Aku tidak lantas menganggap bahwa pendidikan tidak penting. Penting, makanya aku kuliah jauh jauh ke Jatinangor.. Tapi kembali lagi, tidak berpendidikan bukan berarti tidak akan sukses, hukumnya tidak seperti itu:)

Selepas wisuda, apa yang diharapkan oleh kita, terutama orang tua? Bekerja. Bekerja dimana/? Diperusahaan bonafit dengan gaji sebesar-besarnya (meski fresh graduate pokonya mau gaji sebesar-besarnya karena aku sudah kuliah). Tidak bisa seperti itu sayang, hidup itu proses, kecuali orang tuamu pemilik perusahaan dengan aset 50 triliun dan merasa kamu bisa langsung menempati posisi tinggi meski baru lulus. itu beda cerita. Dibanding orang kaya, orang yang masih harus berjuang untuk hidupnya jauh lebih baik, termasuk kamu yang baca ini. iya, kamu :)

Alhasil, kamu harus berjuang mencari kerja, kesana kesini, siang malam, demi satu hal; kehidupan yang lebih baik setelah mengenyam pendidikan, sampai sarjana.

Sebagai wanita- yang hidup di budaya patriaki seperti Indonesia- kita dihadapkan pada pilihan menjadi ibu rumah tangga, atau ibu pekerja; setelah melahirkan dan punya anak nanti. Permasalahan timbul ketika kita memutuskan menjadi ibu rumah tangga, -padahal- kita sarjana. Mulailah bombardir kalimat seperti "ngapain kuliah tinggi tinggi kalo ujungnya di dapur", "percuma dong sekolah tinggi buang duit doang, mending kemarin langsung kerja", "ga sayang ya ilmunya ga berguna" "gabisa ngejar karir dong kali jadi IRT" berdatangan silih berganti. duh, cape jelasinnya. 

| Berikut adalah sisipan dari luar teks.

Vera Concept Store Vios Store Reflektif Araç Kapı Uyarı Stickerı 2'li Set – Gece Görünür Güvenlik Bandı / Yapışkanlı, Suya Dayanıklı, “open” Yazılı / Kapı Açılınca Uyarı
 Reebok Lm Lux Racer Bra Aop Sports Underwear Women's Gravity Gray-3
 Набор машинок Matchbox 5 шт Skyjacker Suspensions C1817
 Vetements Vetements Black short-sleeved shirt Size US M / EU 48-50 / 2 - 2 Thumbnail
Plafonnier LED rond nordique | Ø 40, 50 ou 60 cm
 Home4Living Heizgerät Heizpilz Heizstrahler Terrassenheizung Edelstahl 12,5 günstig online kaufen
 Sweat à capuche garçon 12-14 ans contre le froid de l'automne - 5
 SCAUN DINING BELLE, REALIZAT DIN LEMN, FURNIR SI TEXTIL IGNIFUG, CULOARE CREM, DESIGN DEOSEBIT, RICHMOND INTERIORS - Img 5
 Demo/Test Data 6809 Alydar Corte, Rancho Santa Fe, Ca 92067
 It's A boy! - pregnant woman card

Gini, -sebagai perempuan yang nanti ketika punya anak tidak mau jadi budak korporat- aku memang ingin menjadi ibu rumah tangga, YANG nanti punya usaha sendiri (mohon doanya ya readers).
1. Aku tidak menyesal bahwa ijazah ku sia-sia. toh selama kerja aku udah beli ini itu ko. wkwkwk.
2. Selama kerja, keluargaku selalu dukung urusan finansialku dengan tidak ikut campur HAHA, jadi merasa happy aja sama keadaan finansial yang aku punya
3. Aku senang berkawan dan bertemu kawan baru. Di tempat kerja sebisa mungkin ga cari musuh, cari duit ajha~ jadi ketika udah jadi IRT engga akan gatel masih mau kenal sana kenal sini sampe lupa anak. (jangan sampe)
4. Aku ingin mendukung suamiku dalam hal yang ia gabisa lakukan full time, yakni menjaga dan membimbing anak kita setiap saat. Bukankah hidup berpasangan itu adalah hidup yang saling melengkapi?
5. Menjadi IRT tidak sama dengan pengangguran. NAH INI POIN NYA. Poin 1-4 intermezzo aja guys. Ibu Rumah Tangga juga bisa berpenghasilan, juga bisa meniti karir (dilingkungan sosial misalnya kek mamah kuu *promosi). Entah kenapa, aku sama sekali ga takut dengan anggapan-anggapan netizen kelak. Karena berlandaskan sama mamaku aja sebagai panutan, dia IRT full time dari menikah, alhamdulillah semuanya terpenuhi, dan satu hal yang BARU TERASA SEKARANG, bagaimana cinta anaknya tumbuh dan berakar. aku, yg cerewet ini, kamu bahas tentang mama, pasti langsung berkaca-kaca. langsung tuing-tuing di kepala ku muka si mama dan ayah <3.
Ini yang pentingnya. ini yang gabisa diganti, ini yang akan membuat ku menyesal seumur hidup dan matiku kalo ninggalin anak demi kepuasanku kerja sekeras-kerasnya. Ya mari doakan semoga kelak suami ku selalu sehat walafiat dan dimudahkan rezekinya. aamiin :D

The Point i tryna say is, aku ga bilang jadi wanita karir itu salah, aku sedang membela ibu-ibu bergelar sarjana yang di kerdilkan karna dia memilih jadi IRT. seakan dosa besar. Padahal, kalo ditanya ilmunya buat apa? YA BUAT ANAKNYA LAH MALIH! *kesel

Justru jika kembali pada hukum islam, negeri akan baik jika perempuannya baik. nah perempuan yang baik salah satunya adalah berpendidikan, terserah dia mau jadi wanita karir atau IRT, yang penting jadi wanita baik yang bisa membuat anak-anaknya berhasil di semua hal. Pilihanya untuk bekerja itu baik karna itu ga mudah, pilihannya untuk jadi IRT juga ga mudah,-kalian tau kan kalo IRT pekerjaan yang ga abis-abis? yauda bayangin juga wanita karir yang masih harus urus anak. you are strong!! dua-duanya keren, dua-duanya mulia jika memang dikerjakan dengan baik dan berilmu. Karena ku yakin, cita-cita terbesar seorang ibu adalah meilihat anaknya sukses. Bukan lagi mikirin dianya yang mikirin gengsi sosial, atau pemenuhan kepuasan pribadi makanya kerja mati-matian, atau santai banget kalo jadi IRT makanya ga kerja. Kalau tujuan dia memilih untuk jadi wanita karir atau menjadi IRT adalah yang pernyataanku yang sebelumnya, barulah dikatakan ibu yang gagal sejak dini.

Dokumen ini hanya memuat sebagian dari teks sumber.